From the data it emerges that at least 19 of the 44 settlements were built on private land, even after prime minister Menachem Begin decided in 1979 that the construction and expansion of settlements would take place only on state-owned land.
Peace Now has revealed here another act of hypocrisy, even though the Supreme Court is no longer impressed even by this: It did, after all, legitimize the construction of the settlement of Matityahu on land owned by inhabitants of Bil’in.
The known fact that settlements are built on private Palestinian lands combines all too well with the general civic and institutional Israeli perception to the effect that Palestinian lands that are not privately owned, or that lack proof of private ownership, belong to the Jewish people in Israel and the Diaspora.
Under the Israeli approach, which has expanded further since the Oslo Accords, any land that is not private was and remains suitable for Israeli development - for the benefit of the Jewish citizens of the state and for those who have the right to immigrate to Israel under the Law of Return. These are exactly the lands that constitute a considerable part of Area C (which is under Israeli military and administrative responsibility, and holds 60 percent of the area of the West Bank) and prohibited for any Palestinian development. It is on these lands, which are denominated “state lands,” that two-thirds of the settlements are built. No less illegally.
The discussion of whether West Bank lands are privately owned or not reverberates far more loudly than the discussion of Israel’s takeover of the Palestinian expanse by means of the closure policy. For example, since February 5, the army has once again severed the towns of the northern West Bank from the rest of the territory by means of roadblocks, and has forbidden males between the ages of 16 and 35 from leaving their towns. The media don’t report on this.
The discussion of private land reverberates well in the Israeli (and American) media because of the exaggerated sanctification of private property. And now, Peace Now must correct its initial report of October 2006, in which it was stated that 86 percent of the area of Ma’aleh Adumim is private Palestinian land. It emerges that only .05 percent of Ma’aleh Adumim is private land.
Nonetheless, this non-ideological Jewish settlement is among the most damaging to the Palestinians, and it reinforces the regime of apartheid roads: It cuts the northern part of the West Bank off from the southern part, and prevents Palestinian territorial contiguity. The road that leads to Ma’aleh Adumim will soon be closed to Palestinians, who will be diverted to a separate, narrow and winding road. This Jewish settlement has caused the banishment of many Bedouin from their lands and their ways of life. Together with the adjacent Jewish settlements and the separation barrier, it has taken over lands that had served the Palestinian towns and villages in the area, their natural reserve for development and expansion.
And so what if this is land that was not registered as private?
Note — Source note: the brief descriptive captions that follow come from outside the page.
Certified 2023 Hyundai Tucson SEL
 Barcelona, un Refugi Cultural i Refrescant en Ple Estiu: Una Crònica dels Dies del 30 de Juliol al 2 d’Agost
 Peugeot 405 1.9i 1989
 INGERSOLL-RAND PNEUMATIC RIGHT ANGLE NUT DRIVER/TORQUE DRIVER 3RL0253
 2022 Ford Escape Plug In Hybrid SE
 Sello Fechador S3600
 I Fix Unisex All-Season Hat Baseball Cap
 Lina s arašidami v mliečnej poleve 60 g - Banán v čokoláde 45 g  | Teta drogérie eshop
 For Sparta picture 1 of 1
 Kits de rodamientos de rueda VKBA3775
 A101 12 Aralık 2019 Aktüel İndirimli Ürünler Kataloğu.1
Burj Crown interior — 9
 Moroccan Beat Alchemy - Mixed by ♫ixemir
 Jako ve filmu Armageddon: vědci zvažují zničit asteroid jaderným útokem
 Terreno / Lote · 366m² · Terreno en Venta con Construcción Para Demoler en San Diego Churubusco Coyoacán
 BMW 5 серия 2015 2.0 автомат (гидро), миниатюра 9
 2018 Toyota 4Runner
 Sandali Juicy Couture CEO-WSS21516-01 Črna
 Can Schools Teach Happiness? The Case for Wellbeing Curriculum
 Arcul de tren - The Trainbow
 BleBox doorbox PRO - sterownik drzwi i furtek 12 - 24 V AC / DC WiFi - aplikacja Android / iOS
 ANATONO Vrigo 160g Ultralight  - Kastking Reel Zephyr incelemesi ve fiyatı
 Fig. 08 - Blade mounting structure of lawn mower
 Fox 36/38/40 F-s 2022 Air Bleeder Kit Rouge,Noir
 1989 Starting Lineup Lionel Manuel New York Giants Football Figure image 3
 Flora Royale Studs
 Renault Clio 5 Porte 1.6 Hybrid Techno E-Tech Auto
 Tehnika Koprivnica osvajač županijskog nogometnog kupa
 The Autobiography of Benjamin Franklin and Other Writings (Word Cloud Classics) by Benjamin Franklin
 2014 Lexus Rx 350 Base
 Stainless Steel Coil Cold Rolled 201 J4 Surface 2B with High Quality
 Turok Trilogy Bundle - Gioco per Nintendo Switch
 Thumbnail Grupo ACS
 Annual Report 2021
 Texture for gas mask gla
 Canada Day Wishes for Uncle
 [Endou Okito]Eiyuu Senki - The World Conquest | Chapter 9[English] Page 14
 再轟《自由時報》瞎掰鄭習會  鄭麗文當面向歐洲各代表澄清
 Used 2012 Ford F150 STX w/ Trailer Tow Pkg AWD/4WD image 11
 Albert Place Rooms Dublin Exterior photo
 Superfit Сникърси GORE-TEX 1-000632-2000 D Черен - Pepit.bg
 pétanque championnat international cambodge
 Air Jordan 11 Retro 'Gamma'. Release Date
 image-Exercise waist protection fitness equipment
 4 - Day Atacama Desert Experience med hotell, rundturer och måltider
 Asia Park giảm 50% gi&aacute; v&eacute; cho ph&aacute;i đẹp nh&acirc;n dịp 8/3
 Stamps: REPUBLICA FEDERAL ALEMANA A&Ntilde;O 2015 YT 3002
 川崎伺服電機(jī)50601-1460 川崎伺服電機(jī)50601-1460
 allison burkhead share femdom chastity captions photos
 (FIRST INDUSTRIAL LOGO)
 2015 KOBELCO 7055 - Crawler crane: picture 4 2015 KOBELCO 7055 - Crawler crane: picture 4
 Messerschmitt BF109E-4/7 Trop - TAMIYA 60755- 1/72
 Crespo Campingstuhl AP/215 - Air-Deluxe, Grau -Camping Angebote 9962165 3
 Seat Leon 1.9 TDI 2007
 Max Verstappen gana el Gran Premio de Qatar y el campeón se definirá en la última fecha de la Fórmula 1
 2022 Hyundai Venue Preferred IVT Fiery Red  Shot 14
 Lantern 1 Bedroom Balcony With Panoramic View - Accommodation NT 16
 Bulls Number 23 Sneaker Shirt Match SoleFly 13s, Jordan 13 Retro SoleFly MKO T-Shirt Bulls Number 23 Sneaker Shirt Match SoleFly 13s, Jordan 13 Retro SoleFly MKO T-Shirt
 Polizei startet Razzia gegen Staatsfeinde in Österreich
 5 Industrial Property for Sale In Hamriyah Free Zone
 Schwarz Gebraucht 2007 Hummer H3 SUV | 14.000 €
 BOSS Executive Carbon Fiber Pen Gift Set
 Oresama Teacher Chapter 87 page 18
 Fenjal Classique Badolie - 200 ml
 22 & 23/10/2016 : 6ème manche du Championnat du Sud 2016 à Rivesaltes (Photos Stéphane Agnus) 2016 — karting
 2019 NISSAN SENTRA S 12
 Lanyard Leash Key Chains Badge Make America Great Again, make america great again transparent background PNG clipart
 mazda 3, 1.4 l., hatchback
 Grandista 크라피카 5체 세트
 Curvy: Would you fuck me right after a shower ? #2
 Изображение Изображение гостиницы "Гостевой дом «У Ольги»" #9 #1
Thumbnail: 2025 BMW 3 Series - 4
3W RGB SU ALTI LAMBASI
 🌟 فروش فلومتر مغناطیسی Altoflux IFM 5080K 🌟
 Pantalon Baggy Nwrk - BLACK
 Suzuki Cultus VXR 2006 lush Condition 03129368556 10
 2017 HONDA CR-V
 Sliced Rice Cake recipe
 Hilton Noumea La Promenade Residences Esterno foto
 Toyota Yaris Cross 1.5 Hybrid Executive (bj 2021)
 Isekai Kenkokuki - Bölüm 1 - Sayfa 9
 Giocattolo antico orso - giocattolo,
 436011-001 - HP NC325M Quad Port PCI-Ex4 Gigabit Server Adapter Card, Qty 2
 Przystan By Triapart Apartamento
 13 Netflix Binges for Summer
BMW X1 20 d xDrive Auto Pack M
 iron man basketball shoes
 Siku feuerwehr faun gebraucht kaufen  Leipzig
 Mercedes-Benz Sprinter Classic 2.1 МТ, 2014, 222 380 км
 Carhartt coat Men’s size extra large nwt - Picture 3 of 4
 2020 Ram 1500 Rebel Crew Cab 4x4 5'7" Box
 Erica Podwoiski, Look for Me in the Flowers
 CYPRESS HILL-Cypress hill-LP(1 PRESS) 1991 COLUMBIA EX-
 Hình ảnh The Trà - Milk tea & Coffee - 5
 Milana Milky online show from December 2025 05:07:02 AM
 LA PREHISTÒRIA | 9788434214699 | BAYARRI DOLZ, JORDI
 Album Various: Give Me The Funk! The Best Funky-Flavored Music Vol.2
Because of this robbery, these villages and towns have become crowded, choking neighborhoods that are cut off from the larger expanse.
The extensive work that Peace Now has invested in exposing the private ownership of lands is a mirror image of the extensive and systematic effort of Civil Administration experts to prevent inhabitants of the villages from cultivating their lands beyond the separation barrier. They measure out for each individual his part in an inheritance and in accordance with this, they allot him the hours during which he may pass through the gate to harvest olives or to plow the land. They prevent shared cultivation of the land and calculate which of the siblings in a family is abroad so that, heaven forfend, his share of the land will not be cultivated by others.
All of this is a preliminary step to expropriate land that remains “without owners” and its transformation in the future into state land - that is, Jews’ land.
The exaggerated concentration on private ownership feeds into the Israeli denial of the fact that the Palestinians’ right is to all of the territory that has been occupied. Not as private individuals, but rather because they constitute an indigenous national group in this land.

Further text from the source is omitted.